Date of Award

2015

Degree Type

Dissertation

Degree Name

Doctor of Philosophy (PhD)

Graduate Group

Chemical and Biomolecular Engineering

First Advisor

Talid Sinno

Abstract

High-quality Ge substrates have numerous applications, including high-efficiency III-V multijunction solar cells and photodetectors. But the high cost of single-crystalline Ge makes the use of Ge-on-Si virtual substrates more practical for device fabrication. However, the lattice mismatch between Ge and Si leads to a highly strained Ge layer when grown directly on the Si lattice. The high mismatch strain unavoidably leads to defects, primarily dislocations, that degrade the Ge film quality. Several approaches for mitigating these defects have been proposed, including selective epitaxial growth (SEG), in which one employs an amorphous layer (most often SiO2) as a mask to reduce the epitaxial contact between the Ge and Si lattices to lower the mismatch strain. SEG has been demonstrated to successfully produce high-quality Ge films on Si, although defects are not fully eliminated. Further improvements will require quantitative understanding of the underlying atomic-scale mechanisms.

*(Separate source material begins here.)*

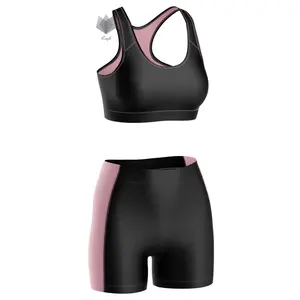 2024 Tùy Chỉnh Dệt Kim Phòng Tập Thể Dục Quần Áo Ngắn Tay Áo Crop Top Gân Activewear Phụ Nữ Tập Thể Dục Áo Ngực Quần Short Phòng Tập Thể Dục Thể Thao Yoga Bộ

In this work, we present a computational framework to atomistically model the components of the SEG system (Si/SiO2/Ge). The model is validated by comparing predictions to experimental observations and ab initio calculations of various properties related to crystalline Si and Ge and amorphous SiO2, as well as combinations of these materials. The framework is then applied to study in detail the deposition of Ge on amorphous SiO2. It is shown that the simulations are able to access experimentally meaningful deposition conditions and reproduce several quantities related to the island size distribution. We then extend our simulation framework for deposition to include coarse projective integration (CPI). CPI is a multiscale modeling technique well-suited for situations, like atomic deposition, in which a system exhibits fast, stochastic processes, superposed onto slowly-evolving dynamics. In particular, we demonstrate an approach for generating atomistic configurations from limited knowledge of an island size distribution, which represents one of the key challenges in applying CPI to atomistic deposition. The results generated here should be easily adaptable to other deposition systems.